[Opening Records supplied section]
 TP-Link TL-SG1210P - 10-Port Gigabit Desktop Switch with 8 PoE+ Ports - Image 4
[Closing Records supplied section]
[Opening Records supplied section]
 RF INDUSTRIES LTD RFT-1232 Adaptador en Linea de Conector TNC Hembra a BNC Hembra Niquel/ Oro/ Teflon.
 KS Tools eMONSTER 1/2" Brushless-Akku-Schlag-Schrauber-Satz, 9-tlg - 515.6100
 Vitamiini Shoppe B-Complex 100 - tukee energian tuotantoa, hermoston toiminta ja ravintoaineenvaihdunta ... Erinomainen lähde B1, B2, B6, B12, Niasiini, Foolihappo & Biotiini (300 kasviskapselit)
[Closing Records supplied section]
[Opening Records supplied section]
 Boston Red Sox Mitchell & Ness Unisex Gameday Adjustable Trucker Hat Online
[Closing Records supplied section]
What you should do:
Going back over the entries above, copy word for word every line from the one that has "KS Tools eMONSTER" on through the one that has "Vitamiini Shoppe B-Complex".

Task result:
 KS Tools eMONSTER 1/2" Brushless-Akku-Schlag-Schrauber-Satz, 9-tlg - 515.6100
 Vitamiini Shoppe B-Complex 100 - tukee energian tuotantoa, hermoston toiminta ja ravintoaineenvaihdunta ... Erinomainen lähde B1, B2, B6, B12, Niasiini, Foolihappo & Biotiini (300 kasviskapselit)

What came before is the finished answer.